CW 176
Copyright Watch 176
John Walker holds aloft a shiny little disc, and wipes a tear of joy from his eye.
Well, it’s DVDs again folks. Much is brewing in the confused world of Copyright Land over the difficulty these little circles of joy have generated. Let’s just get up to speed.
Europe received its cinema releases of Hollywood films three months later than the US as part of a cheap trick by the distribution studios, meaning they wouldn’t need to print as many reels. After the US run was completed, the reels were cleaned and shipped over here so we could watch the second-hand scratched up versions. We put up with this for years.

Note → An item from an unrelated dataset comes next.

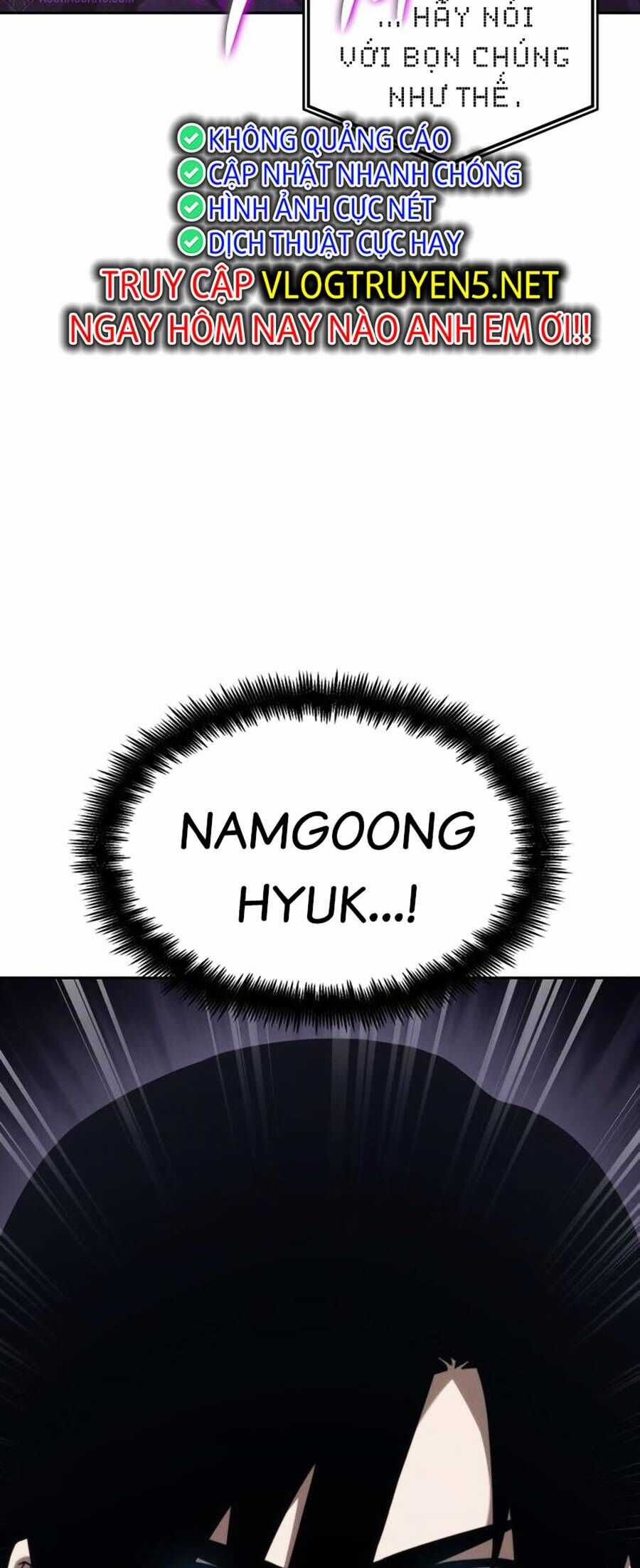 Vô Hạn Tử Linh Sư - Chapter 38 - Trang 88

VHS presented few problems – the NTSC/PAL divide meant Brits were unlikely to buy a US video cassette. But DVDs weren’t so simple. Unless something was done, it would be possible to import US DVD sellthrough releases before the film had crawled its way to our cinemas. So region coding was invented, aimed to prevent US discs from playing on UK technology. Fortunately, thanks to the tech sellers themselves, such encoding was easily cracked, and multiregion machines defied Hollywood’s rulings. It’s thanks to this that we now occasionally see films released at the same time as America.
And it looks like DVDs are now securing another victory. A French court has ruled that the ludicrous Digital Restrictions Management (DRM) enforced by the DMCA prevents owners from exercising their basic rights of ownership. In other words, they’ve said it’s ok to copy DVDs for personal use. This may sound a small deal, but the impact is huge. It makes a mockery of the Digital Millennium Copyright Act (an act so abhorrent that it violates the US constitution and basic human rights).
This news is coincided by rumblings in Hollywood that they may start releasing DVDs at the same time as the film is in the cinema, because despite making record profits in the last year, they must have that little bit more! They’re even talking about /lowering the price/.
DVDs, we salute you. You are changing the world for the better.